The credo of the tabloid-inspired media has often seemed to emphasize sex, camp, kitsch, schlock–along with babble, dirt, innuendo, and wiseacre opinion. Plus a lot of cigarette ads with smiling coffins. Then they recycle the stuff. It does appear that main, yellow-stream media have just plumb gone Murdoch.

Sex sells everything–from bathroom deodorizers to pneumatic aids for the underendowed. And now the United States Congress has latched onto sex as its main thrust, you’ll pardon the expression. If you think Wilbur Mills was the last politician to fall into the Tidal Basin with his paramour, think again. Already a number of righteous, God-fearing, goose-stepping, right-wing republicans have fallen into the Tidal Basin, each a years-long adulterer. Soon there will be an avalanche of congressional scoundrels and sex fiends splashing about with their objects of desire in the fetid, tidal trough.

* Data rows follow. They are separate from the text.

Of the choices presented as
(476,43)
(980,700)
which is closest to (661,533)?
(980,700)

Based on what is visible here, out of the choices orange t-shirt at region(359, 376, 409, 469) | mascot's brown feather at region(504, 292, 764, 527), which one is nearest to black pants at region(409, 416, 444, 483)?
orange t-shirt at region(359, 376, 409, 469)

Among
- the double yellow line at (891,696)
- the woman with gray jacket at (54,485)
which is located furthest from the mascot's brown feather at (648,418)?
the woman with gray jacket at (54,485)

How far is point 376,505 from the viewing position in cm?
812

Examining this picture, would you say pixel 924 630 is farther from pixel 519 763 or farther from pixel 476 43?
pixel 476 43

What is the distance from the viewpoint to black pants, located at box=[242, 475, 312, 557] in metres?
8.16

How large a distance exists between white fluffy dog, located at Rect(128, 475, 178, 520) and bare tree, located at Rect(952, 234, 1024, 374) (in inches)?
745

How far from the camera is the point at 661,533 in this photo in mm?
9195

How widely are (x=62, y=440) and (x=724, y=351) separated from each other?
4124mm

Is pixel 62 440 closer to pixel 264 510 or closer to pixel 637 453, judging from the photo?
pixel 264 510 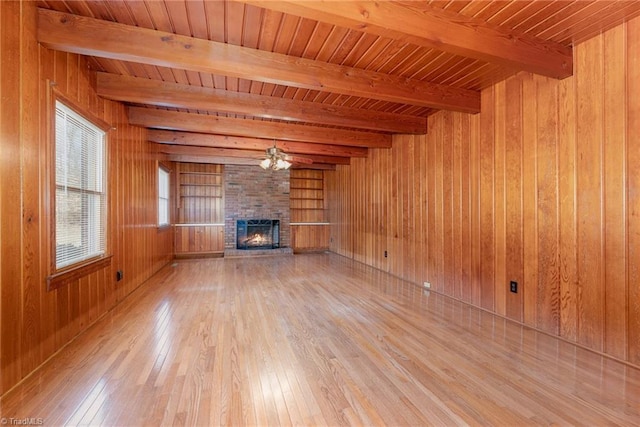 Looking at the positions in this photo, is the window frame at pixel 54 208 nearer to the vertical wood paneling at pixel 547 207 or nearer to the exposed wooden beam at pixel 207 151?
the exposed wooden beam at pixel 207 151

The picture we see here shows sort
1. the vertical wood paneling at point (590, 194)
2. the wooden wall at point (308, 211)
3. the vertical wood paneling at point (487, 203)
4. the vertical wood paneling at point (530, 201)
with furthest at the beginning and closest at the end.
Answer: the wooden wall at point (308, 211), the vertical wood paneling at point (487, 203), the vertical wood paneling at point (530, 201), the vertical wood paneling at point (590, 194)

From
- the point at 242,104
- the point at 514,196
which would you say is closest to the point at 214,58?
the point at 242,104

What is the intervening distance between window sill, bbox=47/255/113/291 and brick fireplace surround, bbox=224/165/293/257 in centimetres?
444

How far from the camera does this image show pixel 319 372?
2.04m

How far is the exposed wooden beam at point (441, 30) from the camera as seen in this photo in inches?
68.9

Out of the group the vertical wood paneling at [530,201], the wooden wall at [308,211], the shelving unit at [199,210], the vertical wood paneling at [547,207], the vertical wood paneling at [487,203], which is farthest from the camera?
the wooden wall at [308,211]

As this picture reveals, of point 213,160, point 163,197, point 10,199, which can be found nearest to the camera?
point 10,199

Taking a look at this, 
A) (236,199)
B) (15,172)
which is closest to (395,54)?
(15,172)

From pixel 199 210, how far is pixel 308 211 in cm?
328

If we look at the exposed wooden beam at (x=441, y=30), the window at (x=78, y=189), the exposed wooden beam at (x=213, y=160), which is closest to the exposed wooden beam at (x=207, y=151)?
the exposed wooden beam at (x=213, y=160)

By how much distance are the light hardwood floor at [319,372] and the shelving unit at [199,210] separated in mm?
4348

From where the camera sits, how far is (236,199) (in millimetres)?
7848

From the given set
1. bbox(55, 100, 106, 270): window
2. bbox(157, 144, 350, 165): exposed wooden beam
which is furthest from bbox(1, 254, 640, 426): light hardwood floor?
bbox(157, 144, 350, 165): exposed wooden beam

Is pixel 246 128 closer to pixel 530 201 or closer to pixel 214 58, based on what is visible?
pixel 214 58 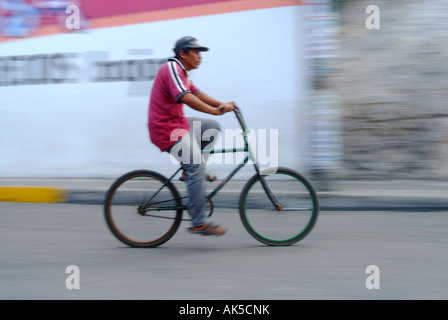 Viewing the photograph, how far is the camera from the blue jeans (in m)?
5.10

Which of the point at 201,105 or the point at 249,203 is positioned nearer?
the point at 201,105

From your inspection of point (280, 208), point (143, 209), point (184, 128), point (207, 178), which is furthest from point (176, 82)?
point (280, 208)

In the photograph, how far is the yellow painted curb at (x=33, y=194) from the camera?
8.09 metres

Will any congressman dare stop the people’s right to uncover politicians’ hanky-panky? It’s half the fun of being an American. What is this about Henry Hyde, the venerable Hyde, that makes him call upon the FBI to shut down the skinny-dipping truth? Does he not know the FBI is not his private army? We know he’s had a private audience with the pope. And he’s hugged a woman who’s bound to be tomorrow’s saint. But the FBI? His private army? Nixon thought so. But Hyde, the upright (you’ll pardon the expression) Henry?! Remember when he said on television that the statute of limitations was up on his four- or five-year affair with Mr. Snodgrass’s Mrs. Snodgrass? He said it was a youthful indiscretion. Youthful? He was 41. Even in bizarre, Republicanized America, adultery is still not a national offense. Nor is it a high crime. It’s just a sickening blow to a marriage and someone else’s marriage and the children of both parties. Mr. Hyde should cool it. He need not cringe. And as the Tidal Basin fills up, he’s just one of the good ole boys–dirty, to the last splash.

When Hyde spoke about the statute of limitations, didn’t he mean the one on his role in the death of Clyde Federal Savings and Loan [“The Dirt on Mr. Clean,” by David Moberg, December 13, 1996]? Not even Dr. Jekyll can save Mr. Hyde from that covered-up disaster.